È un fine curativo ad animare “S.O.S Scrittura. Primo soccorso linguistico”, il libro dei giornalisti Carlo Picozza, Fausto Raso e Santo Strati, uscito nel 2020 ed edito da Media&Books. Non un manuale né un bignami. Piuttosto un “coltellino svizzero” multiuso, come viene definito nella prefazione, da consultare quando, impietriti davanti alla tastiera del computer, si viene assaliti da dubbi e incertezze. O una cassetta di pronto soccorso utile a chi, per mestiere, ha a che fare con le parole, come i giornalisti, e con un pubblico che ne è il destinatario. Il libro spiega il significato di sigle, acronimi, di termini propri del linguaggio tecnologico e informatico, ed è corredato da un glossario che indica come evitare scivoloni lessicali e conseguenti brutte figure.
«La lingua si evolve, come dice l’Accademia della Crusca, ma è anche logica, buonsenso», spiega Carlo Picozza, uno degli autori, cronista di La Repubblica e oggi consigliere dell’Ordine dei giornalisti del Lazio, incaricato della formazione dei giornalisti del futuro. «Il nostro compito è rispettare i lettori, saper spiegare i fatti, avere una lucida capacità di sintesi ma anche saper usare le parole giuste. Bisogna essere lettori mentre si scrive e giornalisti mentre si legge».
Precisione e semplificazione. No a termini astrusi, incomprensibili, anacronistici. Al bando i luoghi comuni, le frasi fatte o incongruenti. Nessuna goccia deve far traboccare il vaso, mai più svegliarsi alle prime luci dell’alba ma, più correttamente, alle prime luci del mattino.

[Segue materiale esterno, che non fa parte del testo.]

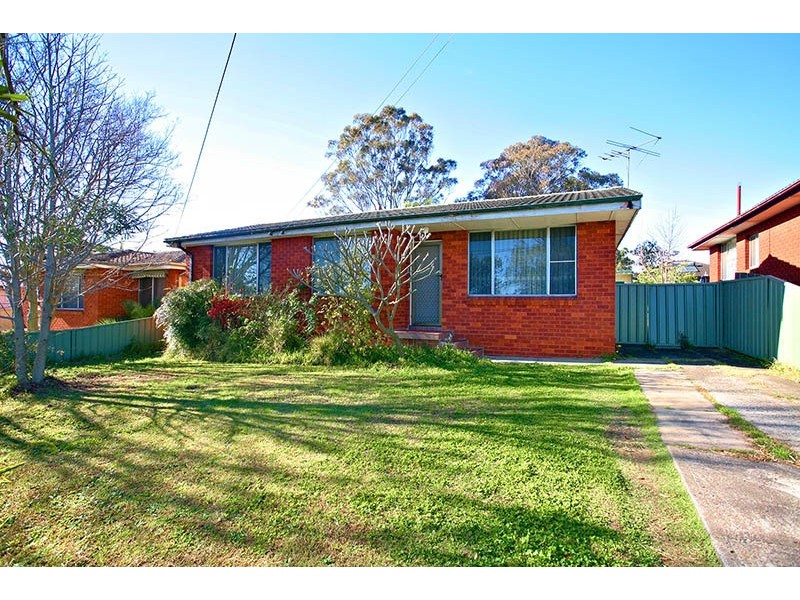 27 Mackenzie BVDE, Seven Hills NSW 2147
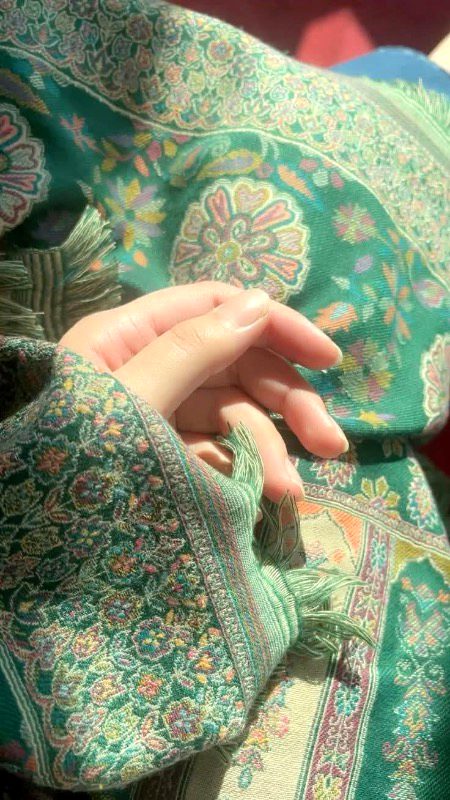 Beautiful People image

«Per noi giornalisti, c’è una prescrizione interiore da seguire. Dobbiamo capire ciò di cui parliamo per spiegarlo poi in modo comprensibile al pubblico che ci legge. Bisogna chiarire il significato di ogni parola che abbiamo il dubbio non sia compresa. Altrimenti il nostro diventa un lavoro antidemocratico».
Il libro “S.O.S Scrittura. Primo soccorso linguistico” è la risultante di due precedenti lavori. “Gli esami finiscono, eccome”, scritto a quattro mani da Picozza e Silvia Resta, pubblicato nel 2020: un pamphlet di consigli e dritte per i giornalisti praticanti in vista dell’esame di stato per diventare professionisti. Che si aggiunge al precedente “Giornalismo errori e orrori. Per non essere piantati in Nasso dall’italiano”, pubblicato nel 2004 da Picozza e Raso, un bestiario con tutti gli strafalcioni finiti sulla carta stampata, meticolosamente raccolti dai due giornalisti durante i tanti turni serali passati in redazione.
Esempi eccellenti da ridere ma da non seguire, come pascolare allo stato ebraico piuttosto che allo stato brado, un colpo al cuore della lingua italiana oltre che del politicamente corretto. Il capezzale della moglie malata, trasformato in un capezzolo o la spada di Damocle diventata di Temistocle per appropriazione indebita.
Le parole sono importanti e specchio di un pensiero ordinato, un requisito fondamentale per un giornalista.
«Bisogna avere la capacità di creare. Quando stai sul pezzo e consumi le suole delle scarpe, non ti vengono più fuori i luoghi comuni ma la cronaca, che racconti attraverso la tua sensibilità. L’unica qualità in grado di fare la differenza tra un giornalista e l’altro», conclude Picozza. «Le parole sono i grimaldelli che ti permettono di entrare nel cuore e nella testa delle persone». Il rispetto per il lettore è anche questo: saperle usare bene.